Trying to support PostgreSQL DB in my application, found this strange behaviour.
Preparation:
CREATE TABLE test(id INTEGER, flag BOOLEAN);
INSERT INTO test(id, flag) VALUES (1, true);
Assume two concurrent transactions (Autocommit=false, READ_COMMITTED) TX1 and TX2:
TX1:
UPDATE test SET flag = FALSE WHERE id = 1;
INSERT INTO test(id, flag) VALUES (2, TRUE);
-- (wait, no COMMIT yet)
TX2:
SELECT id FROM test WHERE flag=true FOR UPDATE;
-- waits for TX1 to release lock
Now, if I COMMIT in TX1, the SELECT in TX2 returns empty cursor.
It is strange to me, because same experiment in Oracle and MariaDB results in selecting newly created row (id=2).

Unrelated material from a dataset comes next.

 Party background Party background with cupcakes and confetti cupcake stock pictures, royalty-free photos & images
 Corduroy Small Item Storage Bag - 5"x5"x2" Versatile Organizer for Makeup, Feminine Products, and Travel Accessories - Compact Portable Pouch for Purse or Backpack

I could not find anything about this behaviour in PG documentation.
Am I missing something?
Is there any way to force PG server to "refresh" statement visibility after acquiring lock?
PS: PostgreSQL version 11.1
TX2 scans the table and tries to lock the results.
The scan sees the snapshot of the database from the start of the query, so it cannot see any rows that were inserted (or made eligible in some other way) by concurrent modifications that started after that snapshot was taken.
That is why you cannot see the row with the id 2.
For id 1, that is also true, so the scan finds that row. But the query has to wait until the lock is released. When that finally happens, it fetches that latest committed version of the row and performs the check again, so that row is excluded as well.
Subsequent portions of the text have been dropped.